(3 of 3)
But the fact is that private life for the Lewises had become impossible. When Lewis was not working, he drank like a school of fish. He liked to clown around with pals, and at a party would do everything short of putting a lampshade on his head. But Dorothy was deadly serious. Their apartment in New York, like their house at Barnard, was often filled with pundits or important news sources. He often taunted her: "You, with your important little lecturesYou, with your brilliant people."

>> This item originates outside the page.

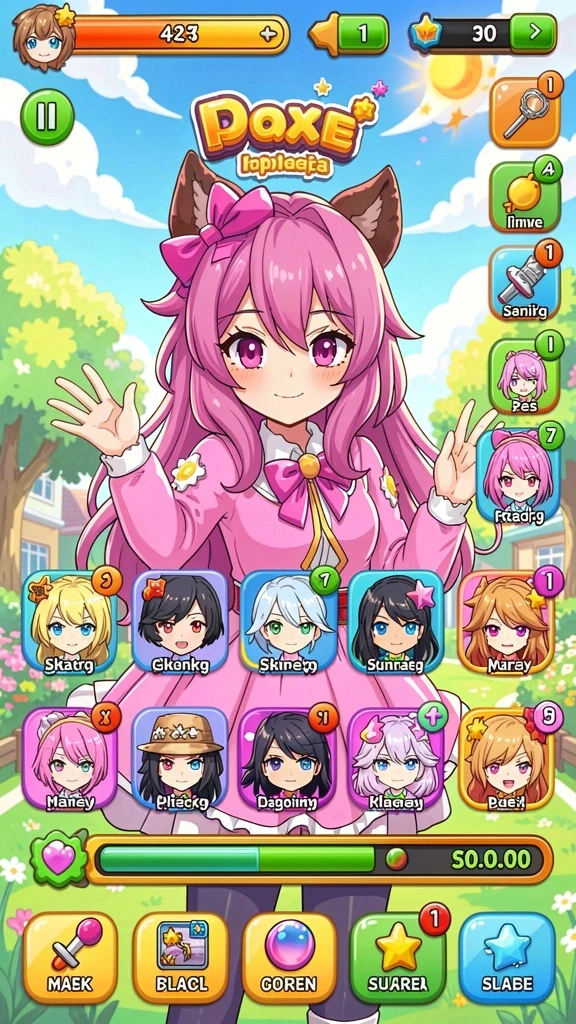 Fitur multiplayer untuk bermain dengan teman.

Dorothy wrote a number of long, sad, reproachful letters trying to make Red into something other than he was. They were unanswerable and usually were unanswered. Anyone could have told her that when a wife has to write letters to her husband, the game is up. It was the last straw when Red got badly stagestruck. He made a fool of himself in his own terrible play, Angela Is 22, and cavorted with a series of leading ladies in a series of other plays. "I am horrified," Dorothy wrote. "You are happy. I happen not to be. I have loved a man who didn't exist."
Wrong Fury. Lewis lived nine years after their divorce in 1942. The lonely, tragic fiasco of Lewis' last days has been told in Mark Schorer's biography, and makes nonsense of Sheean's theories. The furies that possessed Lewis were not traceable to a schoolboy complexion. As for Dorothy, her last days were calm, anonymous and happy in a third marriage, to Maxim Kopf, a thick-knuckled Czech painter who treated her, perhaps for the first time, as a woman with no knives on her chariot's wheels.
But Sheean's liberal use of her intimate diary has removed that anonymity from everything else. Sheean says that the fact some passages were annotated or edited proves that Dorothy wished them known to the world. Other friends insist that she had been going over her records with the intention of writing her autobiography. Certainly, those entries give the book its chief quality. Beside their directness, Sheean's running commentary often seems out rageously intrusive. It is as if the reader had been watching through a one-way glass the agonies and the ecstasies of two troubled people then suddenly out pops Sheean, the friendly family psychiatrist, commenting learnedly on the painful scenes just witnessed as if they were just so much case history.